Docs
/
Models
/

On-Demand Inference

On-Demand Inference

By default, devices and models run on independent scan cycles. The model reads whatever value is currently in the cache, which may be anywhere from 0 to scan_rate seconds old.

On-demand inference synchronizes the model's cycle with its devices. Before running inference, Koios requests fresh reads from all input devices and waits for the data. After inference, it triggers immediate writes to all output devices.

The Timing Problem

When device and model scan rates are similar (e.g. both 30s), the model may consistently predict on stale data depending on when each service started:

Device reads:   ┃           ┃           ┃
                t=0         t=30        t=60

Model infers:      ┃           ┃
                   t=12        t=42
                   ▲           ▲
              Data is 12s   Data is 12s old

The offset is unpredictable and can be anywhere from 0 to a full scan cycle.
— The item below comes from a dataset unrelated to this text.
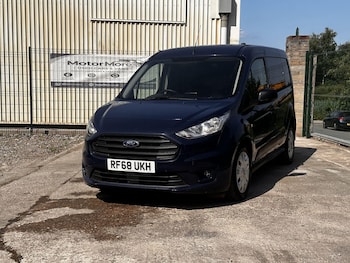 Used Ford Transit Connect 2018 for sale - 79011833: Photo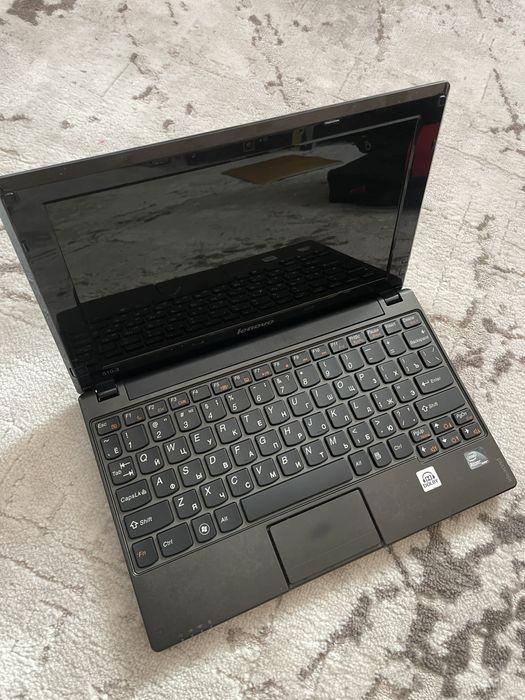 Продам нетбук Lenovo S10-3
With on-demand enabled, the model triggers a fresh read before each inference and writes outputs immediately after:

Model wakes → Request read → Device polled → Infer on fresh data → Write outputs

The On-Demand Cycle

  1. Model wakes up at its configured scan rate
  2. Request fresh reads from all devices with bound input tags
  3. Wait until all input values are newer than the start of this cycle, or until the timeout expires
  4. Inference — read fresh values, run model, produce predictions
  5. Request writes — push prediction values to output devices immediately

If the timeout expires before fresh data arrives, the model fails the scan rather than predicting on stale data.

When to Use On-Demand

Use On-DemandSkip On-Demand
Device scan rate similar to model scan rateDevice scans 10x+ faster than model (cache always fresh)
Model writes control outputs to PLCsModel only produces dashboard/alert predictions
Freshness directly affects prediction qualityData changes slowly relative to scan rates
Multiple models share a device (see Scan Groups)

Rule of thumb: If your device scan rate is 10x faster than your model scan rate, you don't need on-demand. If the rates are similar, or if the model writes control outputs, on-demand is strongly recommended.

Configuration

On-demand involves settings on both the model and the device.

Model Settings

Found on the model's Configuration tab under Advanced Configuration.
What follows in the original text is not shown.